Lei stette li, immobile per un po’, poi aprì nuovamente la porta e disse: “allora forse avrei dovuto conoscerti prima, forse saresti stato capace di amarmi”. Chiuse la porta con delicatezza; il movimento stesso che gli diede trasmise incertezza, voglia di restare ma consapevolezza di dover andare via, amarezza. Mi misi le mani tra i capelli bagnati, pensai a quanto sul serio ero stronzo, a quanto mi amasse quella povera donna e a quanto io fossi spaventato da quel suo amore così sincero e inspiegabilmente profondo. Non appena le avevo detto dove sarei stato ad alloggiare mi aveva raggiunto e aveva prenotato nella camera di fianco alla mia. Eravamo divisi da una parete, da un percorso di vita diverso, da idee e da un modo di vivere talvolta opposti ma uniti da quei momenti unici durante i quali c’eravamo solo io e lei, il mondo intorno diveniva un trascurabile dettaglio, tutto aldilà delle sue labbra pareva superfluo. Eppure, ogni volta, quel dettaglio, quel superfluo mondo che ci circondava prendeva il sopravvento, si tramutava in un motivo per finire, per chiudere, per staccare, per arrivare fin quasi ad odiarsi! Ci conoscevamo da quasi due anni ormai e mi rendevo benissimo conto che da quando lei era entrata nella mia vita tutto era divenuto meno triste e monotono. Nonostante ciò, comunque, non riuscivo ancora a legarmi, a fare quel passo avanti che ci avrebbe permesso di stare insieme sul serio, di essere una coppia. Di colpo mi alzai e l’asciugamano mi scivolò di dosso rimanendo per metà sul letto e per metà abbandonata sulle mattonelle di porcellana; mi diressi completamente nudo verso lo specchio che si trovava nel bagno, appoggiai le mani sul lavandino e poi me le misi sulla faccia. Quello fu uno dei tanti giorni in cui mi chiesi se finalmente fossi diventato uomo, se raggiunti i trentacinque anni, potessi finalmente dire di essere divenuto tale.

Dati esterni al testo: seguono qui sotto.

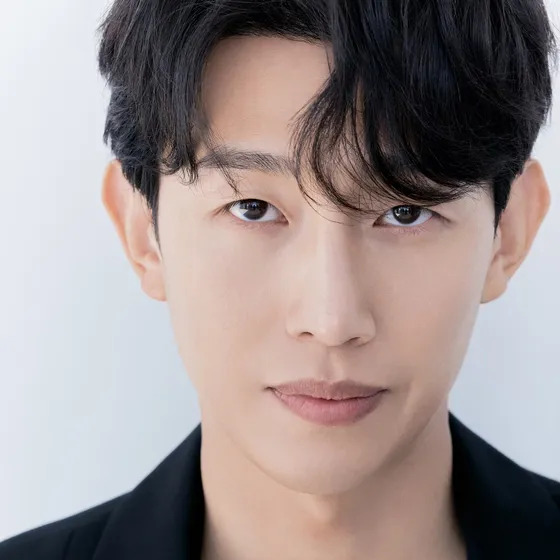 강기영 사주 분석 2026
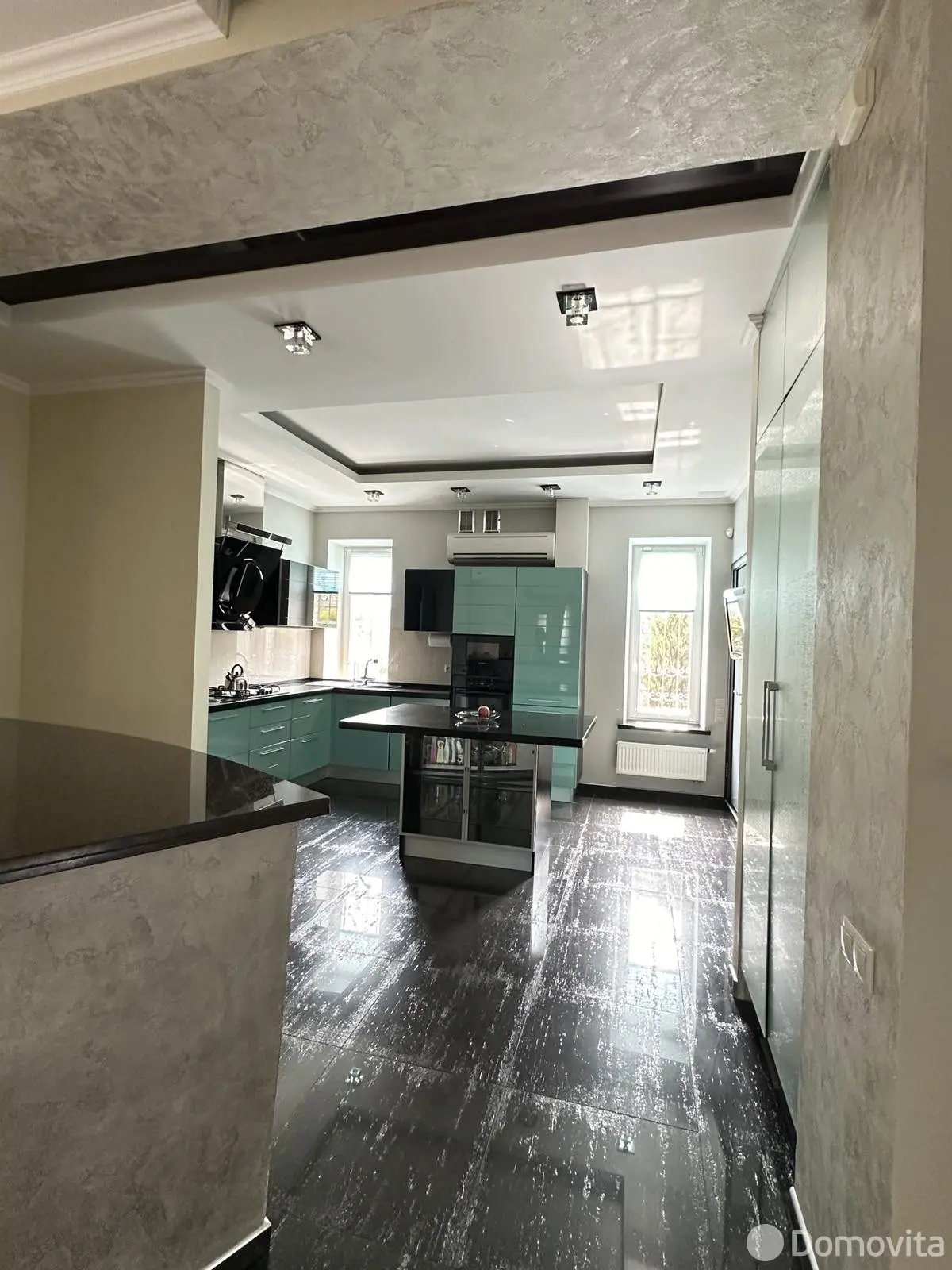 купить дом, Минск, пер. Франциска Скорины 1-й, д. 8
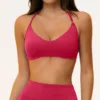 Bra-Red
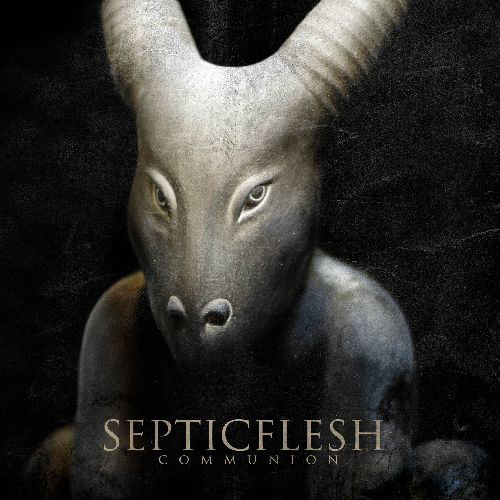 septic-flesh-communion.jpg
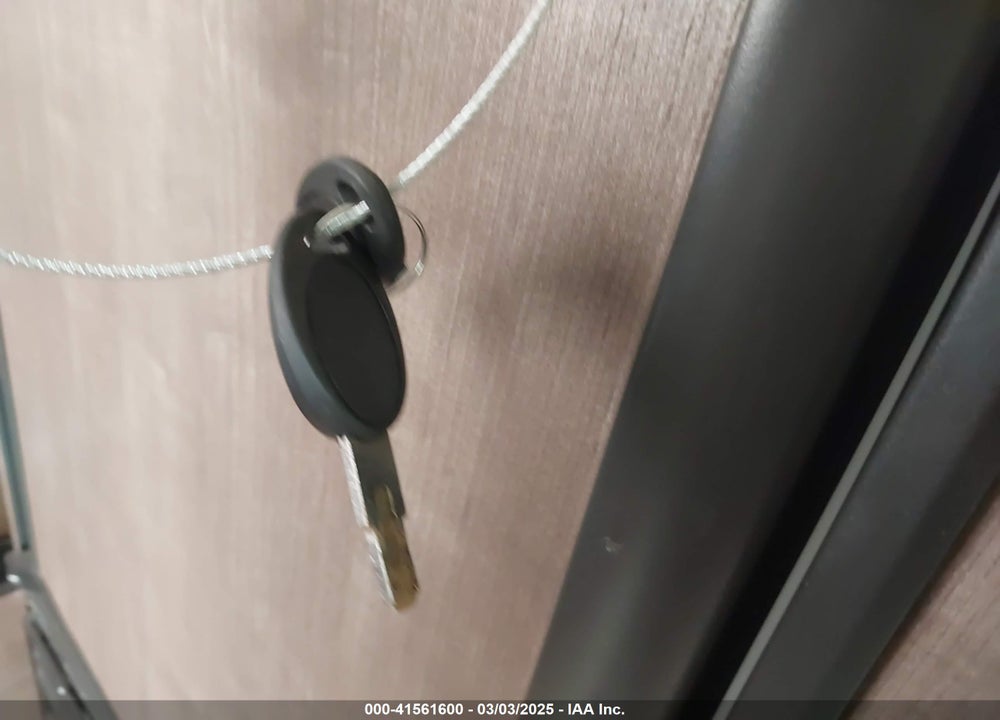 2019 UNKNOWN CT VIN: 7J3L1E628KW005023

Forse si diventa uomini quando non si ha più paura di affrontare i propri demoni, quando si raggiunge un equilibrio che ti permette di essere egoista o altruista a seconda delle circostanze, a seconda delle persone con le quali ti relazioni, insomma, quando riesci a mutare il tuo modo di essere senza troppe difficoltà, senza farti frenare da ottuse convinzioni. Già, le convinzioni, la vita mi aveva insegnato che sono fatte apposta per cadere, dopo essersi tramutate in dubbi, e che solo gli ottusi non cambiano mai idea. Io di idee ne avevo cambiate tante, innumerevoli volte avevo rivoluzionato il mio modo di pensare, di agire, avevo rinunciato a tanti sogni e adesso, alla mia età, non volevo più cambiare nulla; forse ero come regredito ma arrivai alla conclusione che non ero affatto diventato uomo e che, probabilmente, non lo sarei mai stato.